Task:
The stretch from the line with "22 Jean Storage" through the line with "Summerfield Collection Silver-tone" in the records below: write it out exactly, and nothing else.

Data under study:

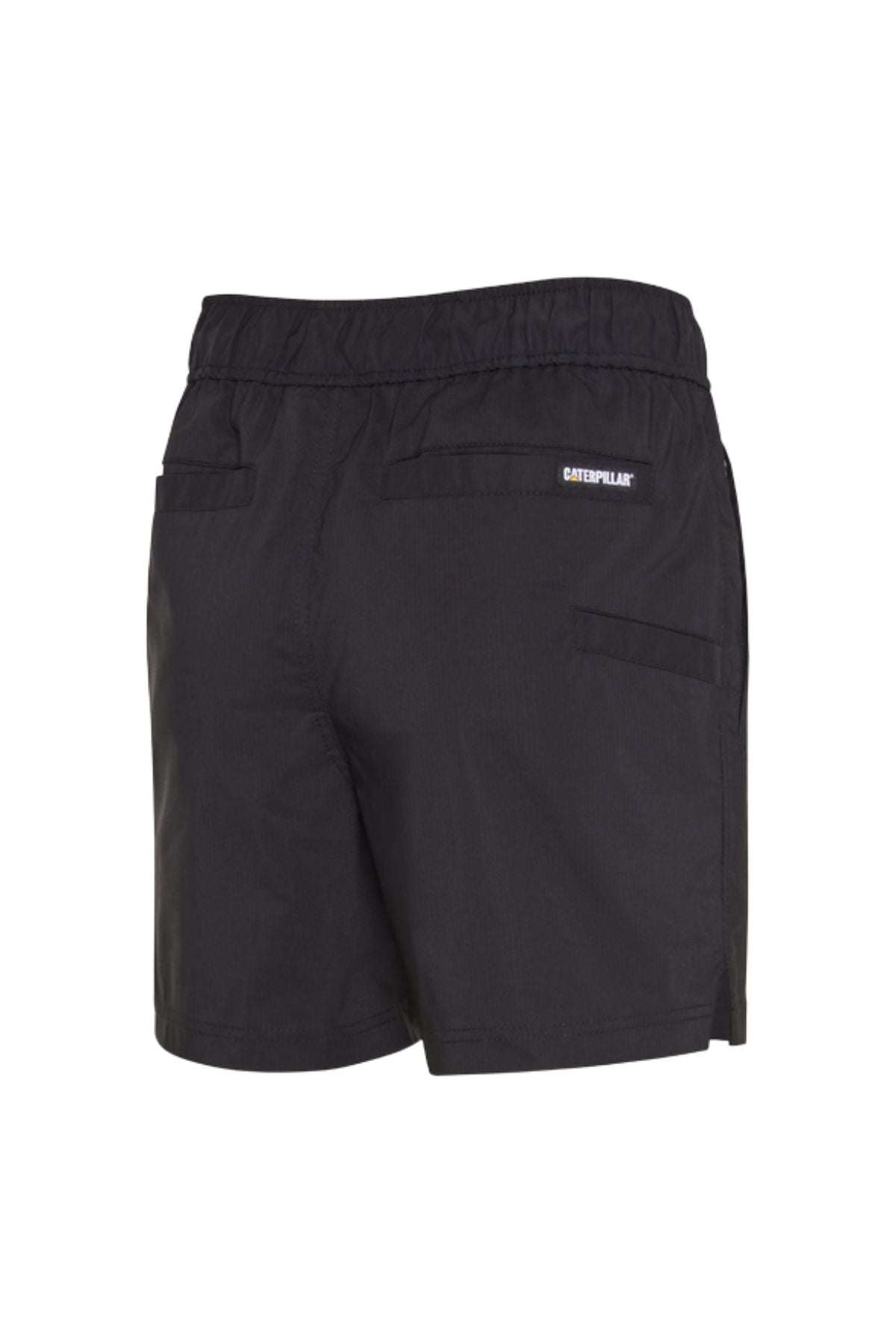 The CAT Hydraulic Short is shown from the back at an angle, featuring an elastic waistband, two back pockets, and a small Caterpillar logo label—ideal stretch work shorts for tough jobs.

---

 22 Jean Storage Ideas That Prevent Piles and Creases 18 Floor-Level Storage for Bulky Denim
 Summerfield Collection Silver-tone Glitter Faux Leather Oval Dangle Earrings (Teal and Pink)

Task answer:
 22 Jean Storage Ideas That Prevent Piles and Creases 18 Floor-Level Storage for Bulky Denim
 Summerfield Collection Silver-tone Glitter Faux Leather Oval Dangle Earrings (Teal and Pink)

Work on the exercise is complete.